I share this recipe with the warning that these cookies are by no means a health food and will not be a staple in the upcoming Nutrition Challenge. However, I think it is important that everyone be able to bake a good cookie, and this recipe is a little more nutritious that the traditional white flour, white sugar and butter-loaded treat. I make these with and without bacon, depending on the crowd, and they also make an excellent ice-cream sandwich with my Banana Ice-cream in the middle.
This recipe makes a dozen cookies, and can be doubled for a bigger batch.
Ingredients
1 ½ cups almond flour (blanched will give lighter cookies)
2 tbsp coconut flour
¼ tsp sea salt
½ tsp baking soda
¼ cup coconut oil
¼ cup coconut sugar
2 tbsp honey
2 tsp vanilla extract
1 large egg
½ cup 85% dark chocolate, cut into small chunks
2-3 pieces organic bacon
Method
- Preheat the oven to 350 degrees F.
- Cook the bacon in a frypan until crisp, then place on paper towel and blot with another sheet to remove excess fat. Allow to cool, then chop into very small pieces.

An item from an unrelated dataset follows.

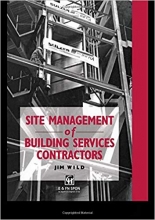 کتاب انگلیسی سایت منیجمنت Site Management of Building Services Contractors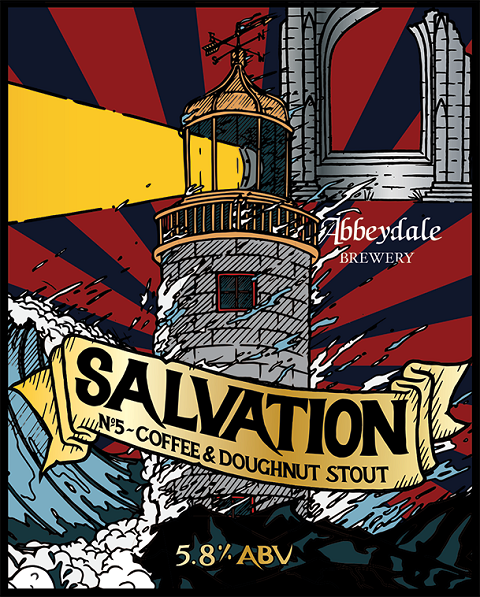 Salvation #5 – %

- Place coconut oil, coconut sugar, honey, vanilla and egg in a food processor and process until fluffy and creamy.
- Add almond flour, coconut flour, salt and baking soda, and pulse until combined.
- Transfer cookie dough to a mixing bowl, then stir in chocolate chips and bacon.
- Line a baking tray with parchment paper. Using wet hands, form small balls of dough and flatten with your hand as they will not spread very much when baking.
- Bake for 10-15 minutes, until golden brown around the edges. (Less time for a softer cookie, longer for a crunchy cookie.) Allow to cool before moving.